On Jul.22.2004 at 01:25 PM
Darrel’s comment is:

In many ways you'd think GE would want us to keep on thinking they just make Fridges while they continue their world domination in the background.

On Jul.22.2004 at 01:44 PM
Michael’s comment is:

Omar,

Yes, Motorola started doing that a few years ago as well. There were other graphic changes too, more noticable in the ads and other collateral, when they updated their branding.

On a side note, it is very admirable how Wolf Olins handled this job, and also how GE initiated the whole thing and then agreed to this final product. I work "in-house corporate" for another international company, and we've gone through two rebrandings in the last two years. Both were painful and not nearly in the scope of Wolf's (referring to the downloads page) efforts, even though it should have been. But to be fair, there were a lot of cooks in the kitchen.

Rob is very correct in his post. Bravo to Wolf Olin for tastefully completing this task. Also, I do believe that the colors are a great solution to GE's "washer and dryer" delimma. Like Brent said, since we are all so used to seeing the logo in black, the various jellybeans will surely, but subtely, open the doors of perception for consumers.

Funny thing, I was just in Barnes & Noble the other night doing some research and flipped through a book on logos, and of course the GE logo was in there. It gave the name of the creator and date (1894 I think) of the logo creation... but for the life of me I do not remember who created it. Anybody else know? Is this the oldest corporate logo to date? I mean, besides the small updates it's still essentially the same. That's over a hundred years!

On Jul.22.2004 at 01:48 PM
Jim Amos’s comment is:

I'd really like to know how much Landor was paid for this. A few bezier tweaks that will be completely imperceptible to the general public and a new color palette. Wow. Whatever will they come up with next?

On Jul.22.2004 at 01:52 PM
Jim Amos’s comment is:

*looks up* I meant Wolff Olins.
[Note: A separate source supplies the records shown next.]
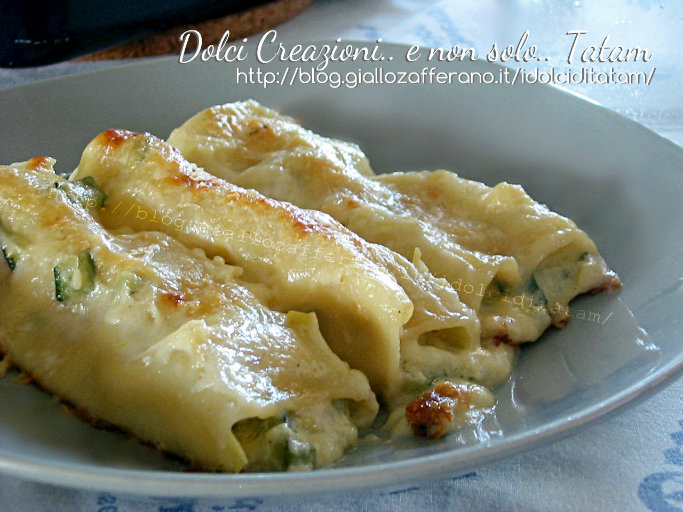 Cannelloni ao molho branco com legumes e gorgonzola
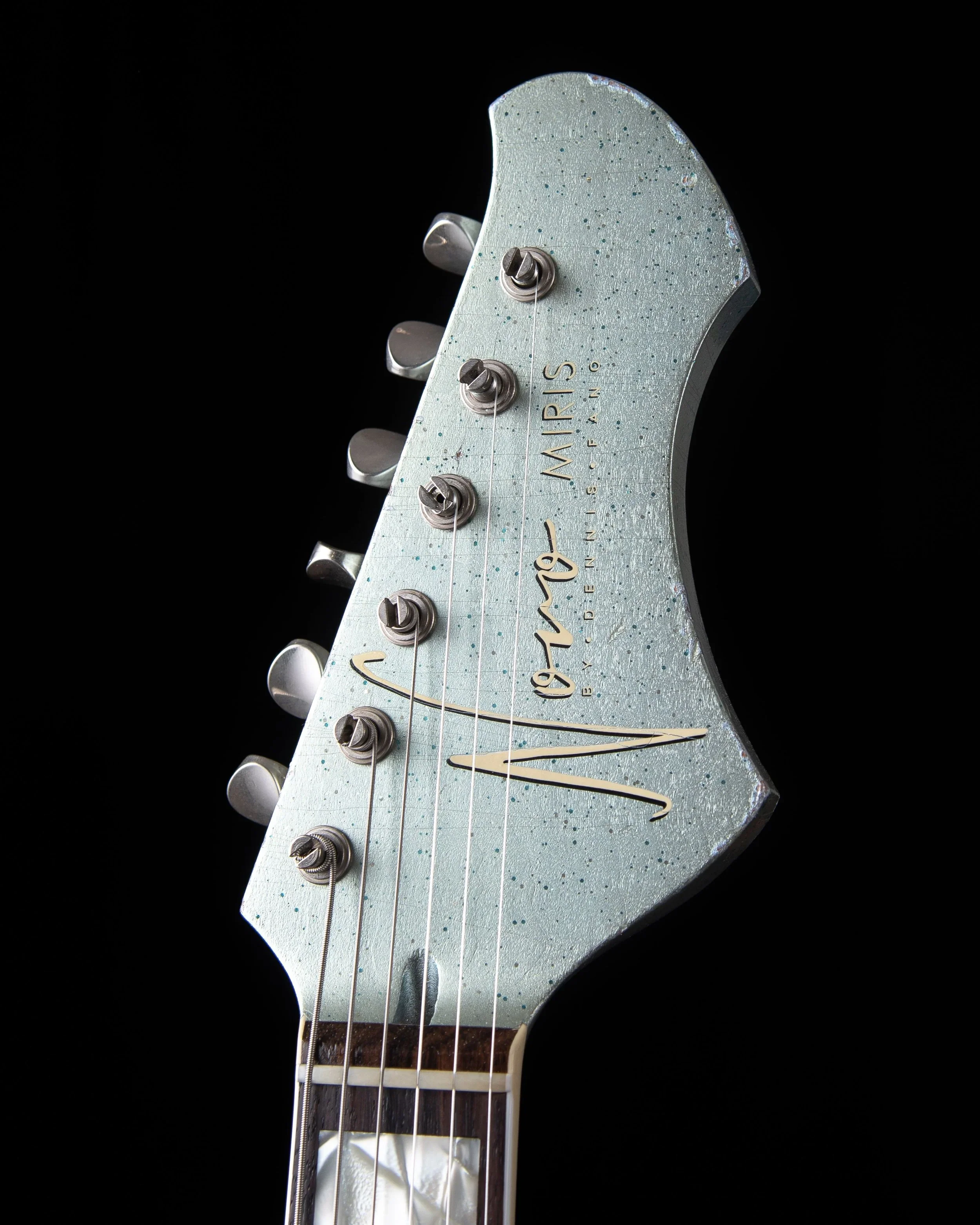 Signature MIRIS P2 - Diamond Dust - Image 6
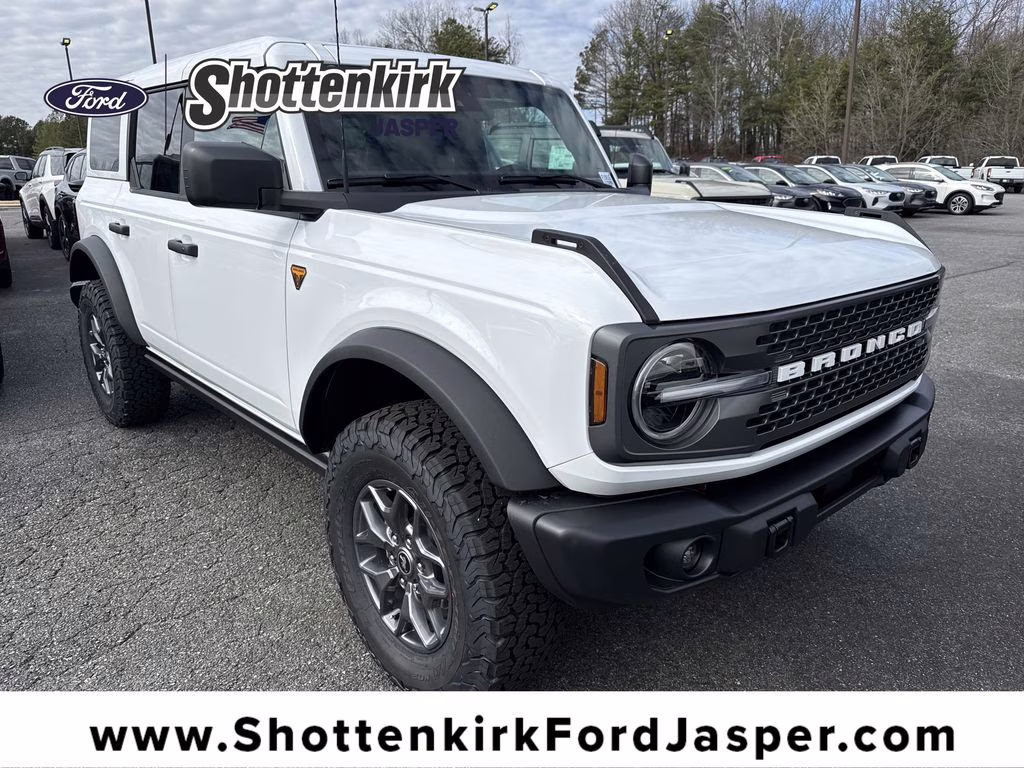 2025 Oxford White Ford Bronco Badlands 4X4 SUV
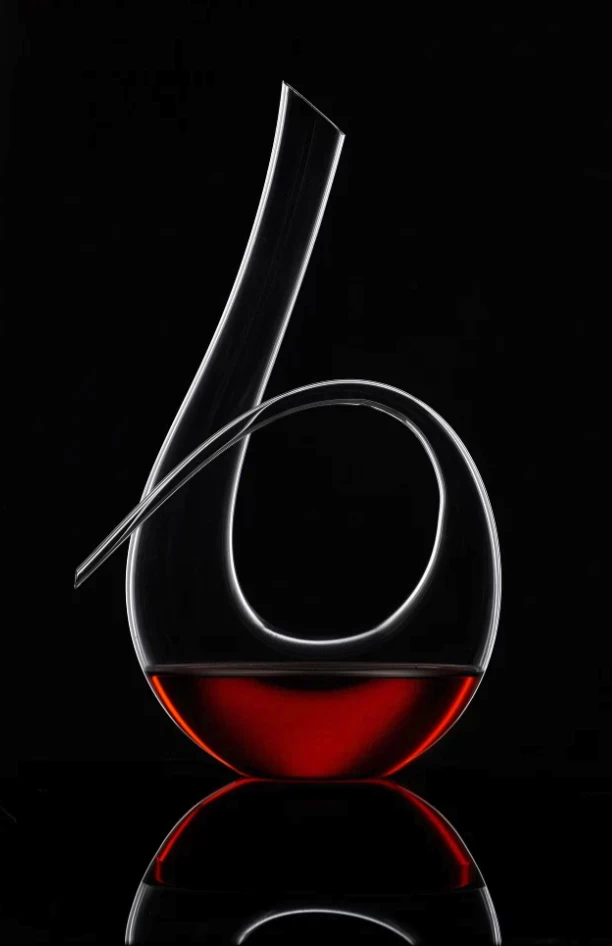 Brilliant Toulouse Twisted Horn Wine Decanter, 1L 4 Brilliant Toulouse Twisted Horn Wine Decanter, 1L - Image 2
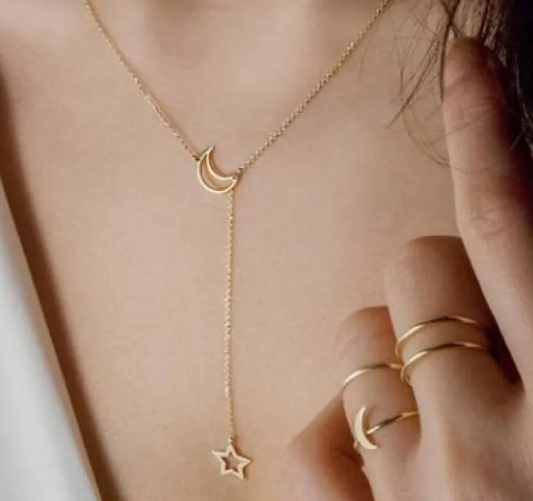 Zarte Y-Kette mit Mond- und Sternen-Anhänger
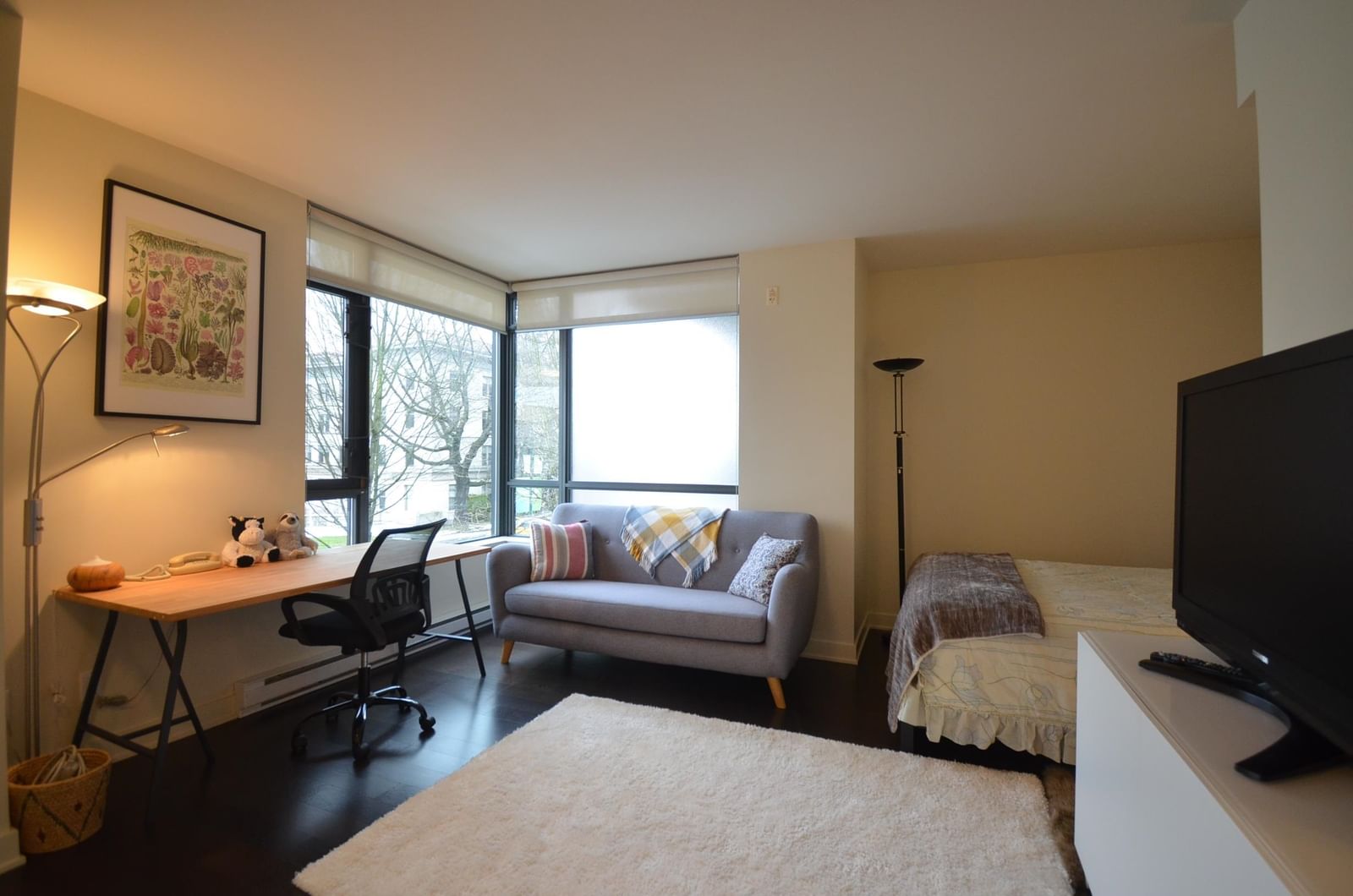 Listing Image 9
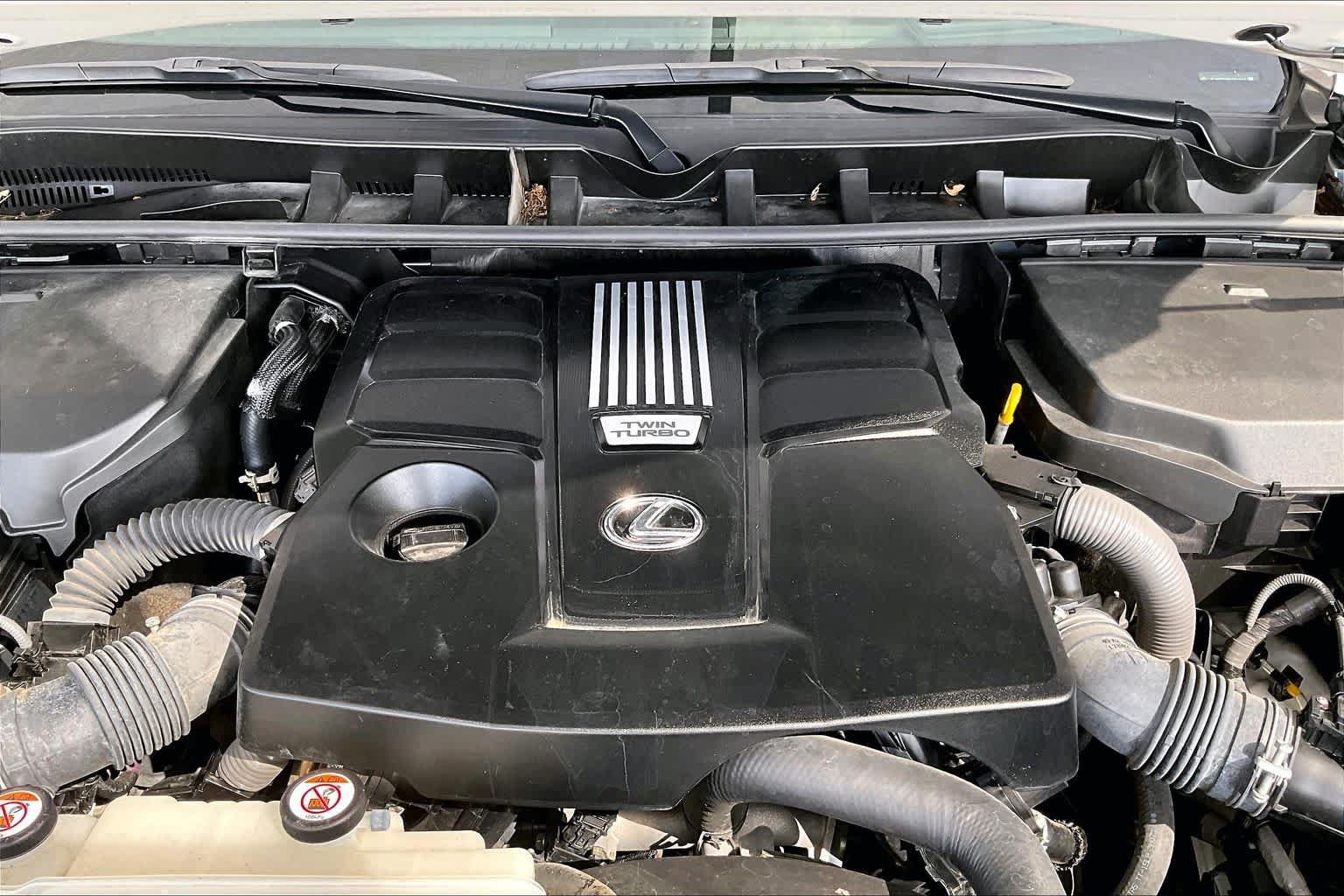 Used 2024 Lexus LX 600 F Sport AWD/4WD image 31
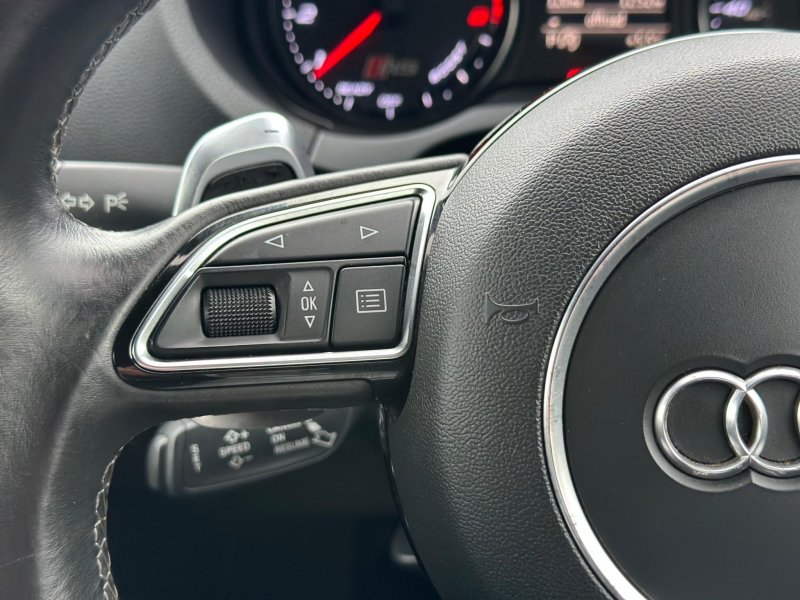 AUDI RS3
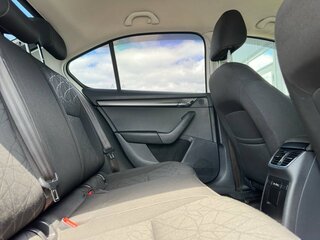 2019 Skoda Octavia III (A7) Рестайлинг, белый, 1670000 рублей, вид 4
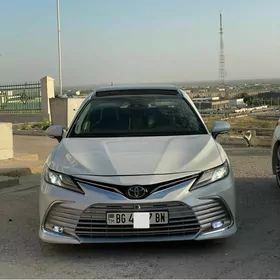 Toyota Camry 2019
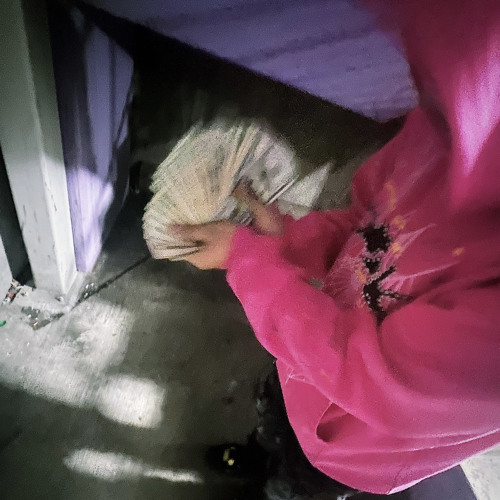 Bound To Be Alone dkbreadyyxpr3zzY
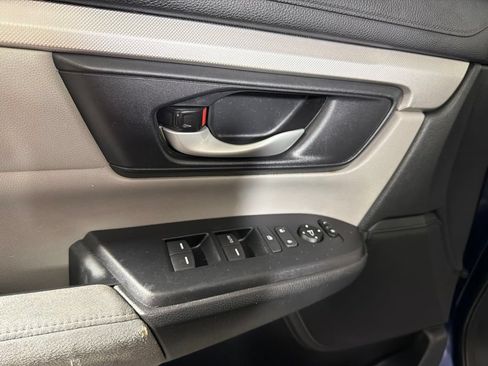 Used 2017 Honda CR-V LX image 9
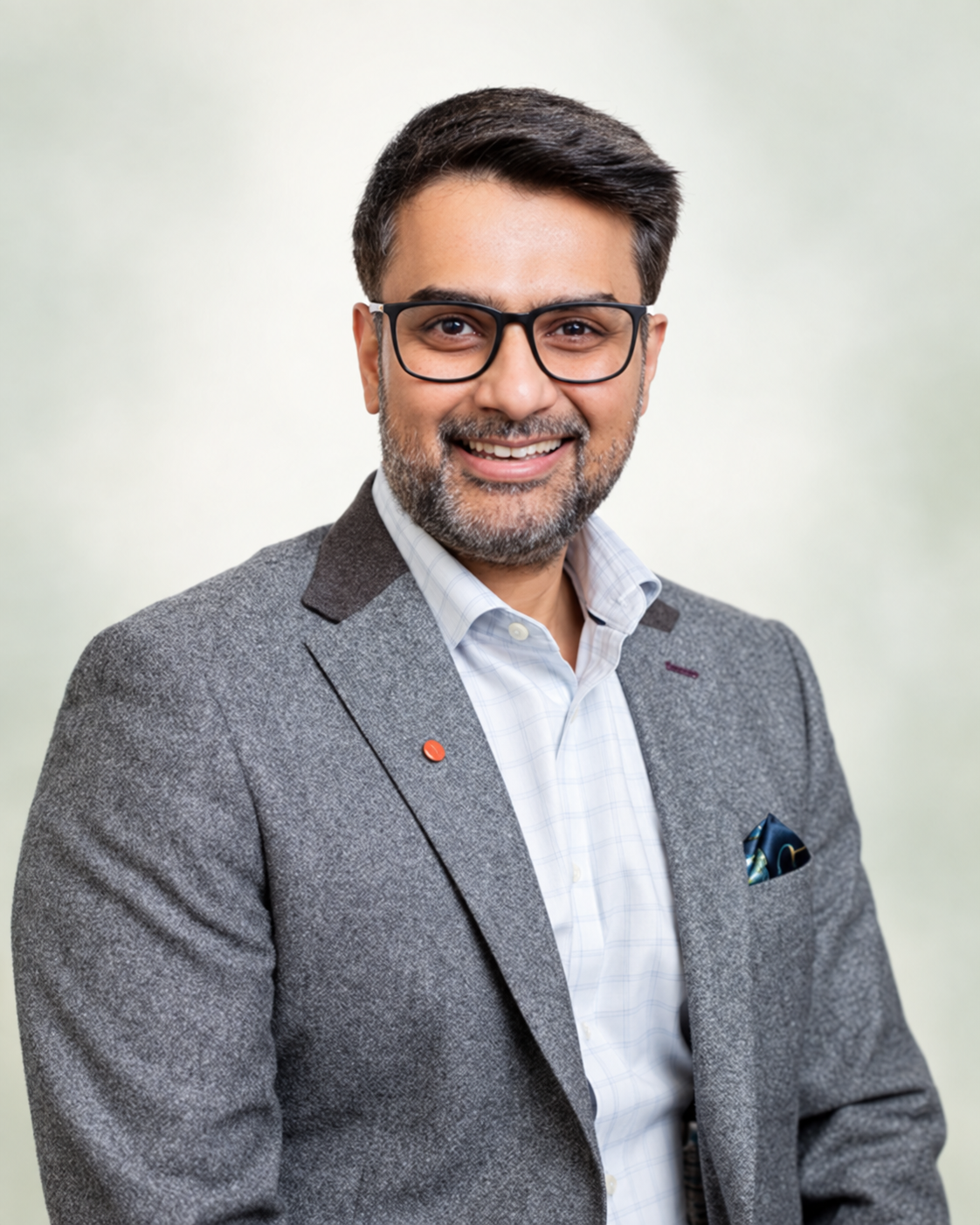 Dr Farhan Khalid, Consultant Oral and Maxillofacial Head and Neck Surgeon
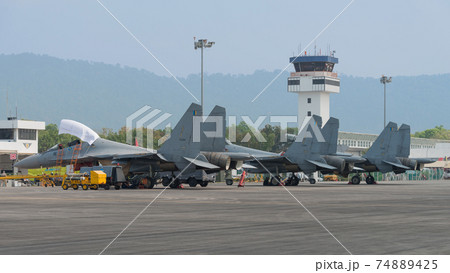 マレーシア空軍スホーイSu-30MKMフランカー駐機 74889425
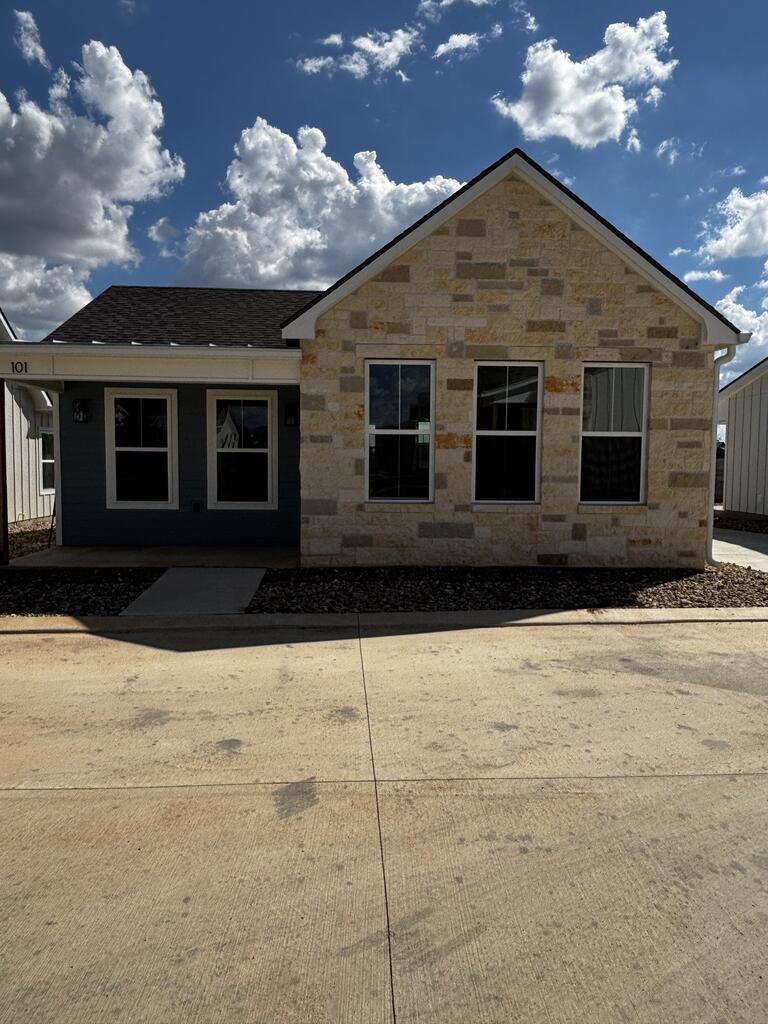 802 S Creek St #101 — photo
Some guy was talking about Lando and my mind wandered.

On Jul.22.2004 at 01:54 PM
marian’s comment is:

Grape Nuts!

I'm just relieved to see recognition of the longevity of a great logo. Obviously, as I've burbled many times before, it's the actions of a company and their historical associations that define what they mean to us, not their logo. (see Tom Dolan.)

As for the 14 colours it seems as though the point is "colourful" as opposed to specific brand identification. Colourful=diverse. Too bad, Tom, no gun-metal grey.

I'm pretty damned impressed with that web resource (and a little surprised it's publicly accessible), but then I've never run in those big branding circles.

On Jul.22.2004 at 01:56 PM
kev’s comment is:

I am quite surprised at how different the logo (er, meatball) looks in different colors. It's quite astonishing, really, that we've lived with the black for so long.

On Jul.22.2004 at 02:28 PM
Brady’s comment is:

After reading the last 3 annuals and seeing the transition of GE's business structure (from hundreds of divisions down to 14) I had a feeling this was coming.

GE has remained a giant, but they have gradually become more and more understandable partly through shrewd introspection and an increasing commitment to design - beyond their products.

Thank God for Jeff Immelt.

The least of, but still heart-felt, thanks are directed to the sparing of the monogram. Understanding the simplicity and the undeniable equity of the mark was inspired in these days of slash and burn re-branding.

Add to that the continued relegation of the 3-D version to broadcast applications.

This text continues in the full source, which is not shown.